Exercise brief >>
Below are several records. Retype exactly those lines running from the one with "Luigi Quadrelli, 82" through the one with "Fußball, DFB führt", end lines included, and no others.
**** Data records ****
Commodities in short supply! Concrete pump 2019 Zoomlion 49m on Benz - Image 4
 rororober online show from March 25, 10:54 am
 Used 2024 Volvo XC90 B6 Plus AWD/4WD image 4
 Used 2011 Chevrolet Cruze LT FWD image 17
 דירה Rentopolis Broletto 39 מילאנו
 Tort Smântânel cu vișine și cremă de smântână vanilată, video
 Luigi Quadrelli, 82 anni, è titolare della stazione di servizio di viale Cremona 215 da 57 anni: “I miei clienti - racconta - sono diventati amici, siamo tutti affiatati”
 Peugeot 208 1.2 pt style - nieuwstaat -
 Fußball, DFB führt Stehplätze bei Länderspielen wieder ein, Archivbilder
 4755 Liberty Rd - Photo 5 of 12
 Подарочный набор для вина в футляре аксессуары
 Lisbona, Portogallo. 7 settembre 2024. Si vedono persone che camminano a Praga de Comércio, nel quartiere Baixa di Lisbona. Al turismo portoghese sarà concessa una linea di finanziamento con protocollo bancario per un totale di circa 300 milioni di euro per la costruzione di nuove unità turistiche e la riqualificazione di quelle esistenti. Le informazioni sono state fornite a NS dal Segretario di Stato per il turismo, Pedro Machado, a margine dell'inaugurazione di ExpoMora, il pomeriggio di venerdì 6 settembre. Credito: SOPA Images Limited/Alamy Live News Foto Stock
****
Your response >>
 Luigi Quadrelli, 82 anni, è titolare della stazione di servizio di viale Cremona 215 da 57 anni: “I miei clienti - racconta - sono diventati amici, siamo tutti affiatati”
 Peugeot 208 1.2 pt style - nieuwstaat -
 Fußball, DFB führt Stehplätze bei Länderspielen wieder ein, Archivbilder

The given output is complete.